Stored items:
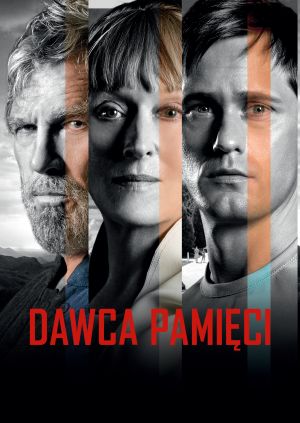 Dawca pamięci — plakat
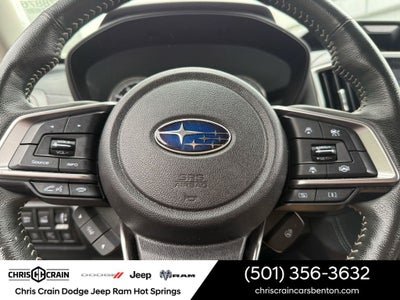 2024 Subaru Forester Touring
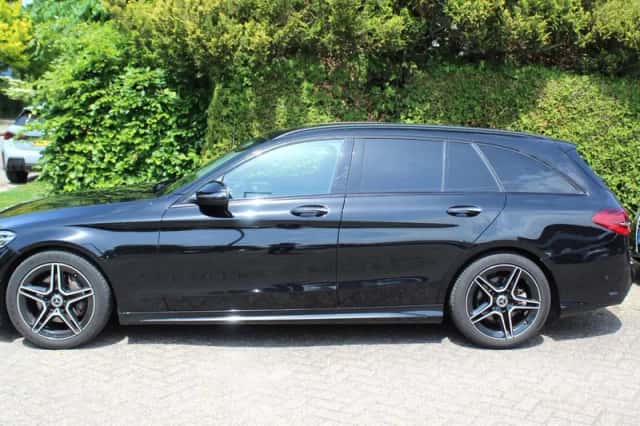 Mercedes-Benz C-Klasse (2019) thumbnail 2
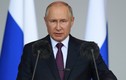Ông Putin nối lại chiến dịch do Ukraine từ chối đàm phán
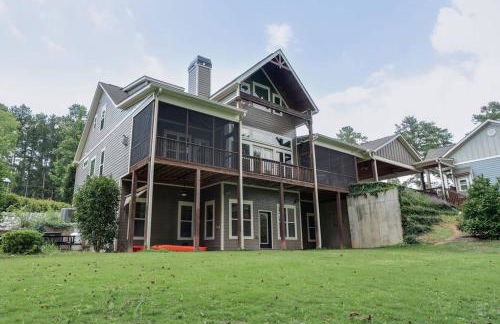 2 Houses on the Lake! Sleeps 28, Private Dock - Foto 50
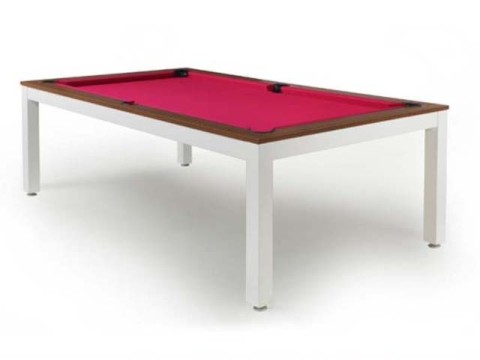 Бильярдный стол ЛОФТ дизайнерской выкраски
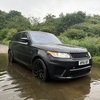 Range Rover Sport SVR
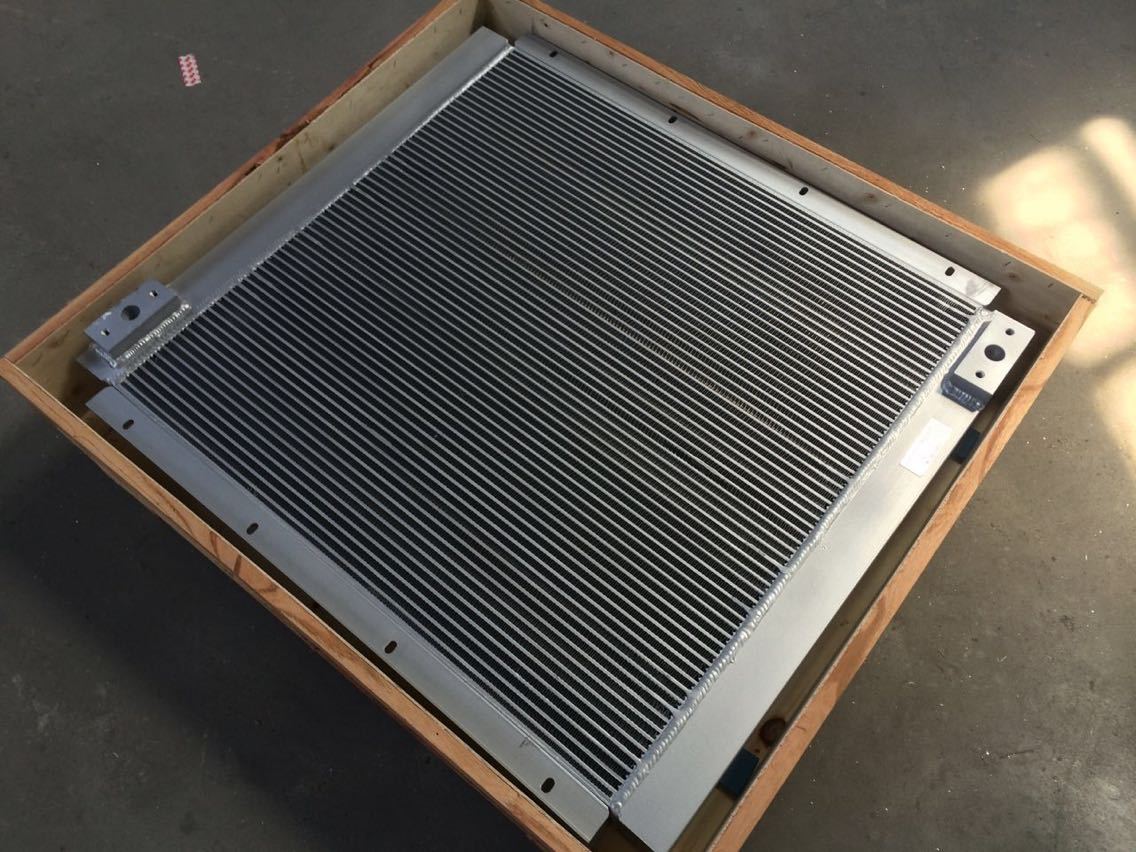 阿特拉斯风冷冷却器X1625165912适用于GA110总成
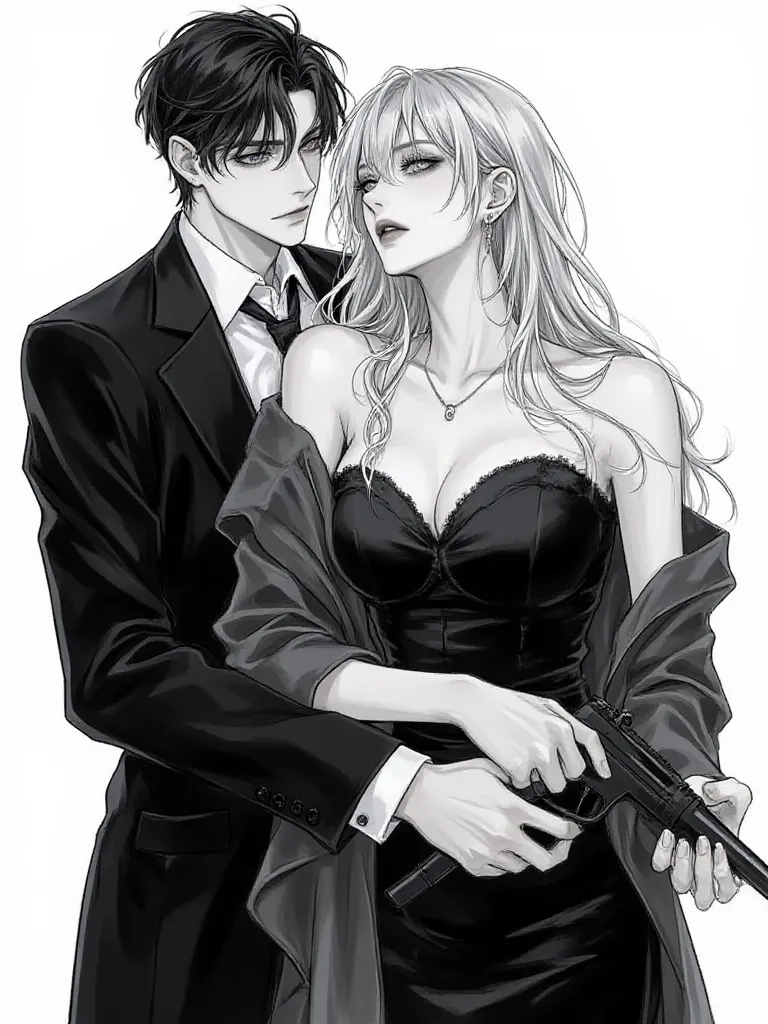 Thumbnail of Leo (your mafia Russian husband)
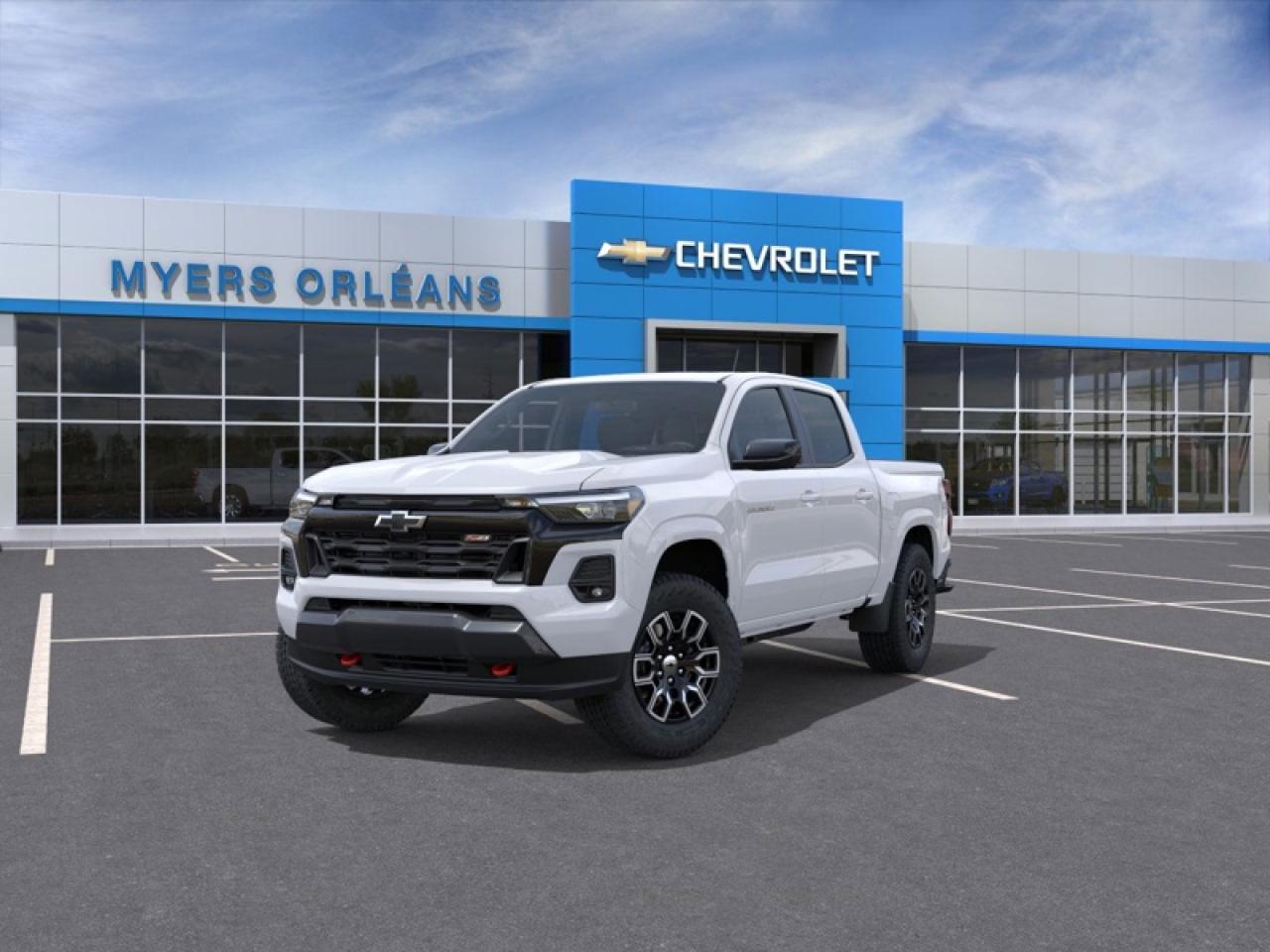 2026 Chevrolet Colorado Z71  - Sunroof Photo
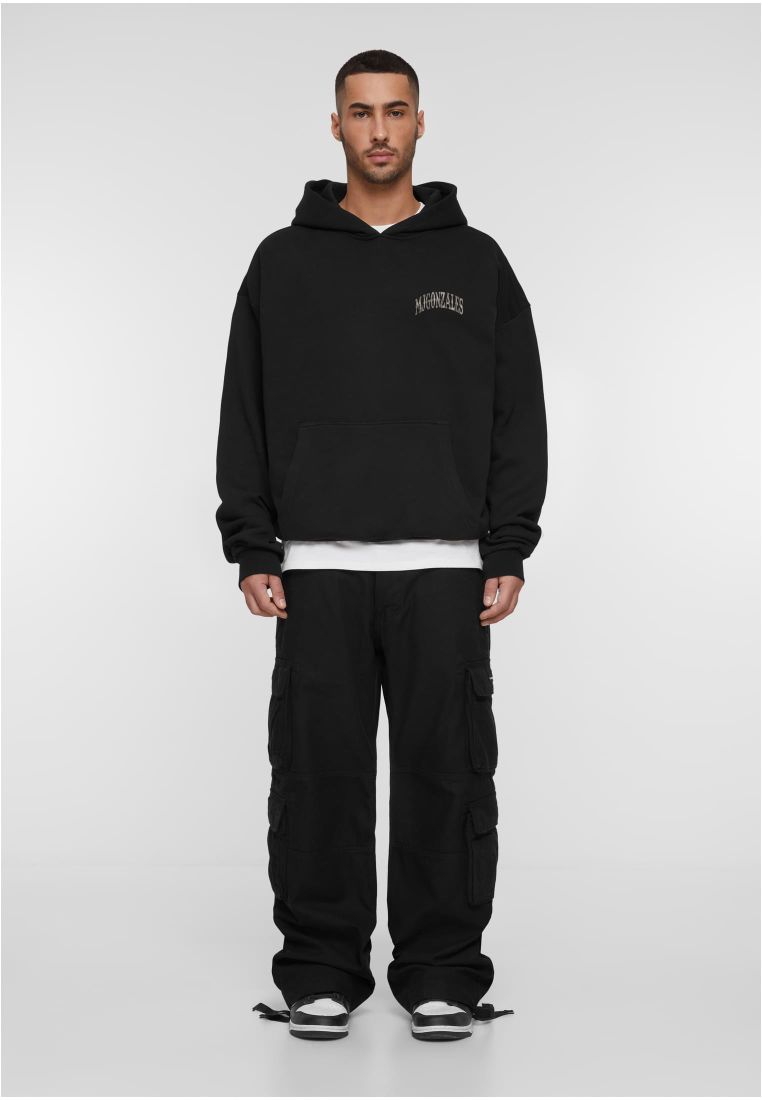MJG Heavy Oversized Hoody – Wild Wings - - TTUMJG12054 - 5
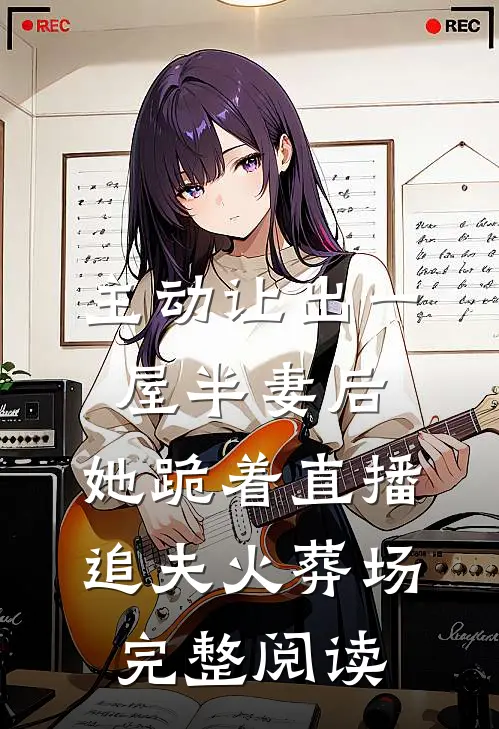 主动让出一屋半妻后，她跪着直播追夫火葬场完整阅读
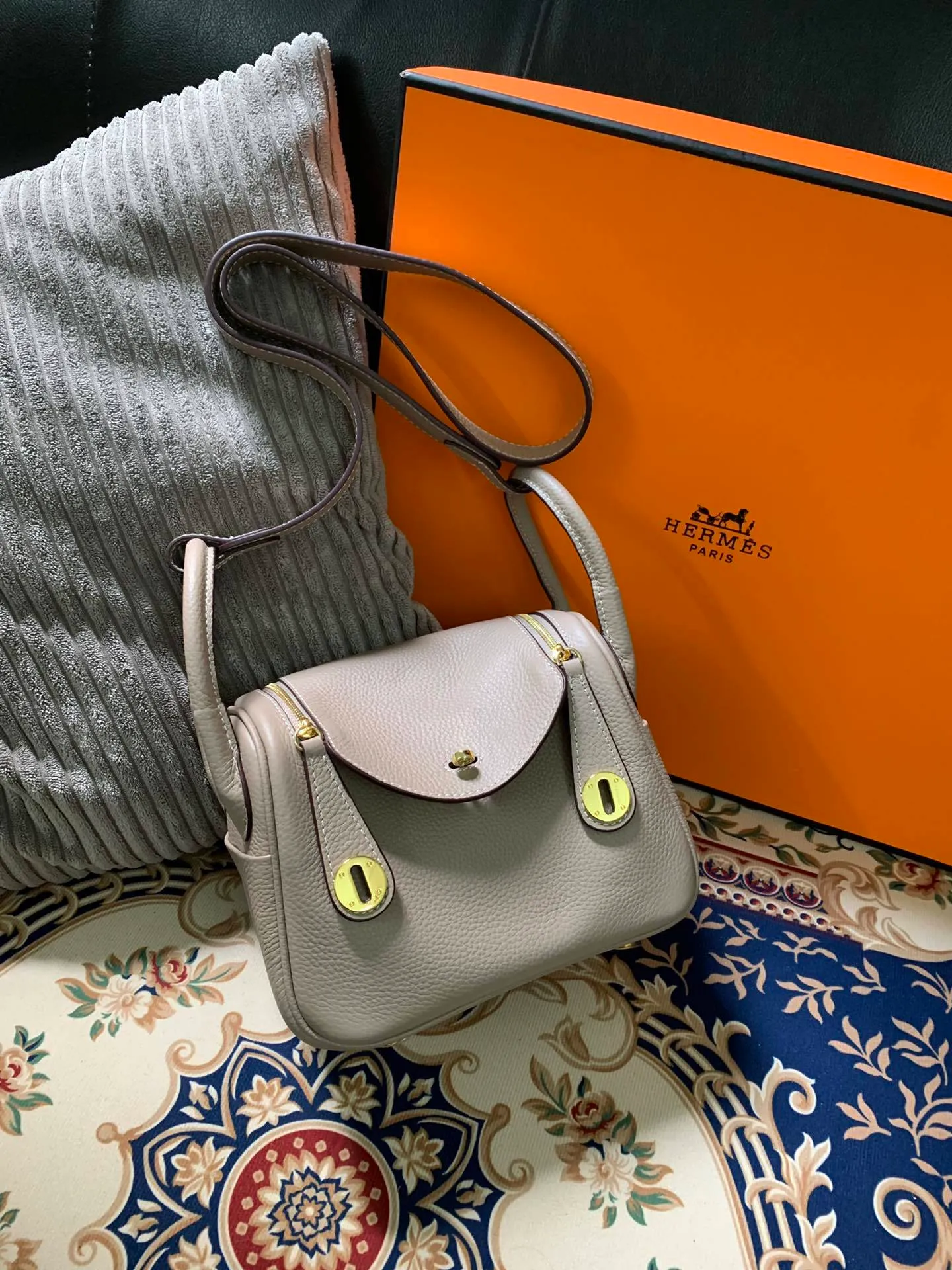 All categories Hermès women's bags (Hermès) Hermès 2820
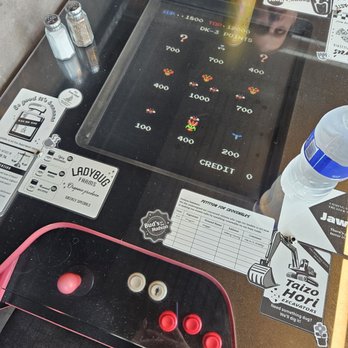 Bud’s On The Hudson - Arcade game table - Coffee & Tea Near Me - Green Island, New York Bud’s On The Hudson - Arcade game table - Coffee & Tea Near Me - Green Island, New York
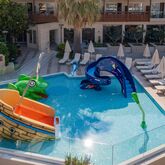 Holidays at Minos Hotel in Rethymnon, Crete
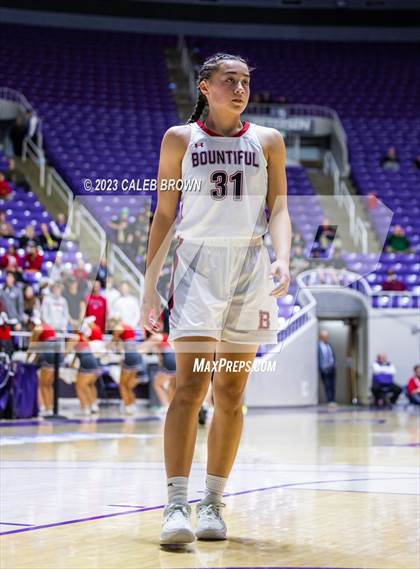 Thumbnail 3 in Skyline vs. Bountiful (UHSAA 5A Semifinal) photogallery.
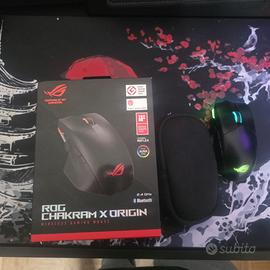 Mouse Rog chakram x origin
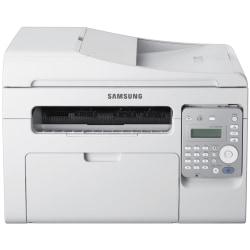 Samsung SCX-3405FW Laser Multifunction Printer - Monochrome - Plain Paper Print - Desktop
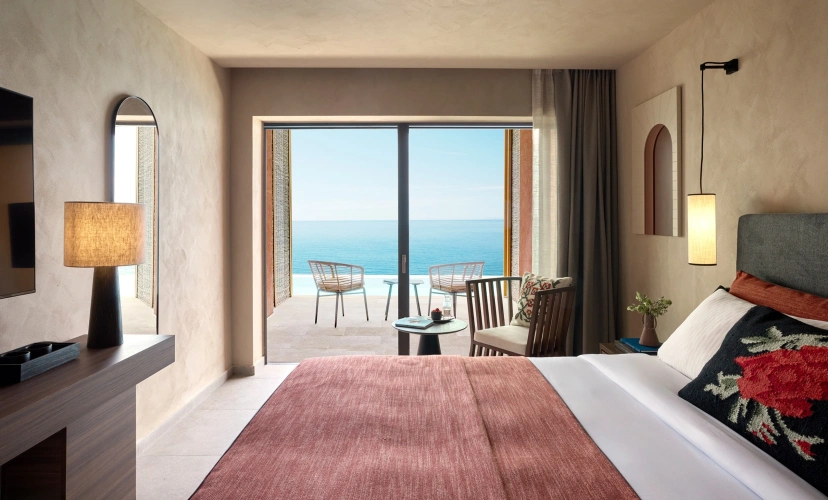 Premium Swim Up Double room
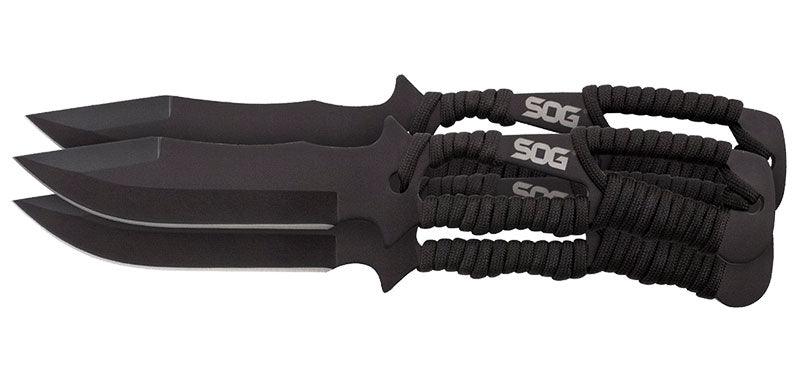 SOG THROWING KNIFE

■ WORK TASK
Every line from the one holding "Ông Putin nối" through the end of the records above must be reproduced verbatim, pictures excepted.

■ TASK OUTPUT
Ông Putin nối lại chiến dịch do Ukraine từ chối đàm phán
 2 Houses on the Lake! Sleeps 28, Private Dock - Foto 50
 Бильярдный стол ЛОФТ дизайнерской выкраски
 Range Rover Sport SVR
 阿特拉斯风冷冷却器X1625165912适用于GA110总成
 Thumbnail of Leo (your mafia Russian husband)
 2026 Chevrolet Colorado Z71  - Sunroof Photo
MJG Heavy Oversized Hoody – Wild Wings - - TTUMJG12054 - 5
 主动让出一屋半妻后，她跪着直播追夫火葬场完整阅读
 All categories Hermès women's bags (Hermès) Hermès 2820
 Bud’s On The Hudson - Arcade game table - Coffee & Tea Near Me - Green Island, New York Bud’s On The Hudson - Arcade game table - Coffee & Tea Near Me - Green Island, New York
 Holidays at Minos Hotel in Rethymnon, Crete
 Thumbnail 3 in Skyline vs. Bountiful (UHSAA 5A Semifinal) photogallery.
 Mouse Rog chakram x origin
 Samsung SCX-3405FW Laser Multifunction Printer - Monochrome - Plain Paper Print - Desktop
 Premium Swim Up Double room
 SOG THROWING KNIFE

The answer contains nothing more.